:: WHAT NEEDS TO BE DONE ::
Where in the data below does the word "Water" appear? Copy each line that holds it.

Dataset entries
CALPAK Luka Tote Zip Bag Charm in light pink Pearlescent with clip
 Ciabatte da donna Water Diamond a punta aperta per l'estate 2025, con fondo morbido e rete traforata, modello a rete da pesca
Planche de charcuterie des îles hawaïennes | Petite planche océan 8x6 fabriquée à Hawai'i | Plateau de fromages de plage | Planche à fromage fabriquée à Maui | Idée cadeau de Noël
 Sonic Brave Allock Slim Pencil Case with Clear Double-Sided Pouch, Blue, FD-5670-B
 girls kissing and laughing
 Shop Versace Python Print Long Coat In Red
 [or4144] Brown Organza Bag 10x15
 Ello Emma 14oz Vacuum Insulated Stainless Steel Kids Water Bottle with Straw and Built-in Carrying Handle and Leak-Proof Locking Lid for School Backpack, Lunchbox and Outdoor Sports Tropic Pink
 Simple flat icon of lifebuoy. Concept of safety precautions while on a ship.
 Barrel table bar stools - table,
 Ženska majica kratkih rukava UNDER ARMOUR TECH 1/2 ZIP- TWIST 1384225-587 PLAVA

:: RESULT OF THE EXERCISE ::
 Ciabatte da donna Water Diamond a punta aperta per l'estate 2025, con fondo morbido e rete traforata, modello a rete da pesca
 Ello Emma 14oz Vacuum Insulated Stainless Steel Kids Water Bottle with Straw and Built-in Carrying Handle and Leak-Proof Locking Lid for School Backpack, Lunchbox and Outdoor Sports Tropic Pink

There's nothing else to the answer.